Regarding thinly traded securities, I don't understand why, at an instant of time, there would always be both bid and ask prices. Say I want to sell 100 shares of PIG (Pork Industries Gigante), my massive Midwestern farming enterprise. If nobody is interested in PIG, then when I put the lot out for sale, there will be only an ask price, right? Or does a bid price always magically appear since there will always be some algorithm following PIG that will automatically pick a bid of $0.

Generally, because designated market makers are required to make two-sided markets. I don't know if there are any stocks without designated market makers or specialists, it's been a while since I was involved in that stuff, and I think some rules changed after the flash crash.

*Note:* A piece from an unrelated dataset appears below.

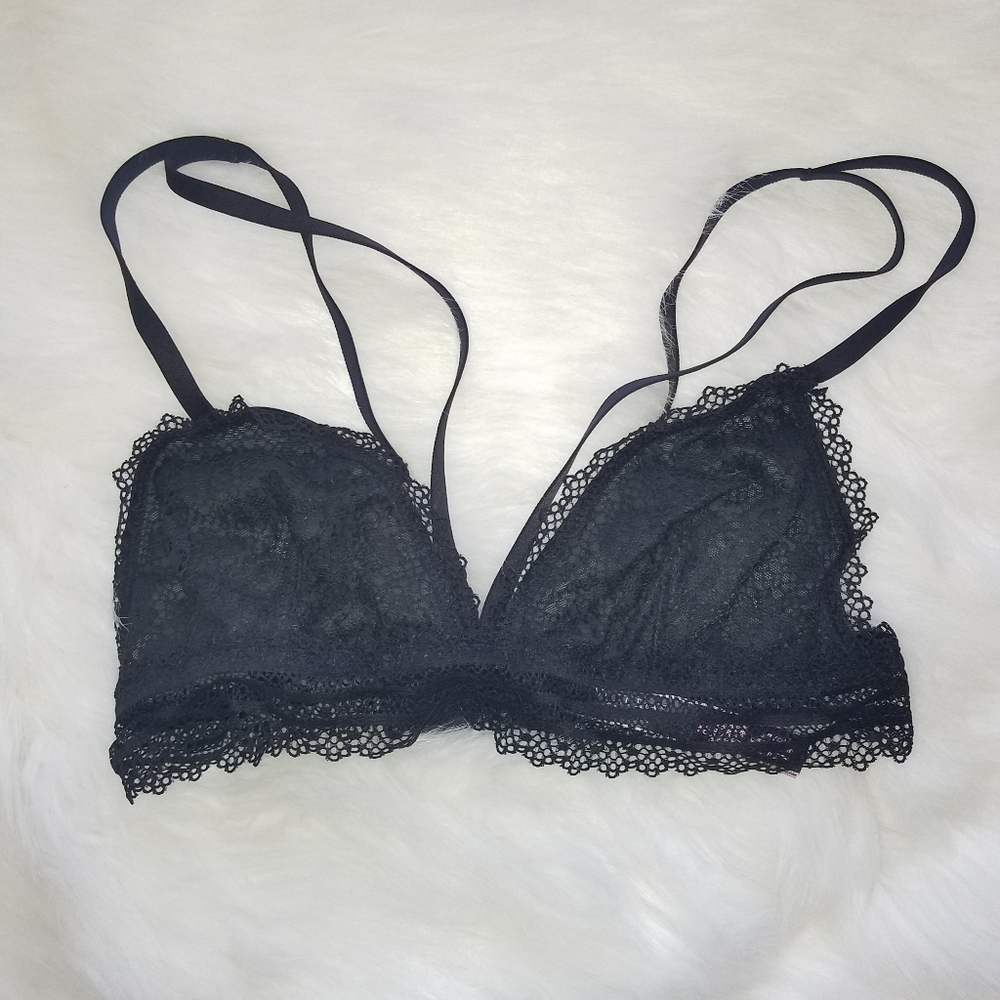 Victoria's Secret black strappy bralette small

Just a FYI: I tried something similar some time ago, see here: https://github.com/harpone/PyArb

The holding times I used were very short and profits were pretty much killed by transaction costs... I think it's quite a bit simpler to implement than the other model in regards to estimation etc. Also IMO the model is way too simple, and in fact it might be smarter to model the returns instead of (log) prices (there are additional subtleties in estimating the price time series process).

Never seemed to have enough time to try that out in Quantopian, but if anyone gets something out of it, let me know :)

Hi Pravin,
I was wondering if you tried to implement this nice algo with CVXPY to scale with bigger stock universe ?

Hi Mat,

I wasted several months on this algorithm only to realize that it relies on covariance matrix in level data (non-stationary). I have since then discarded this approach to look for alternative techniques. Will port it to CVXPY if time permits.

Best regards,
Pravin

@Mat, if you read page 3 of this paper, you will see that it assumes that asset prices follow a stationary VAR process which is not at all reflective of true nature of stock prices. It could work on something like implied volatility but Quantopian does not have option data.

Thanks for your answer Pravin, maybe we can add some regime switching model to this algorithm like HMM or other based on volatility to detect changes in series behavior ?
What is your last research for finding stationary asset prices ?
Regards,

@Matt, If could find a way to compute stationary covariance matrices from non-stationary prices, it will be revolutionary. My current research is much simpler based on return series which are at least weakly stationary.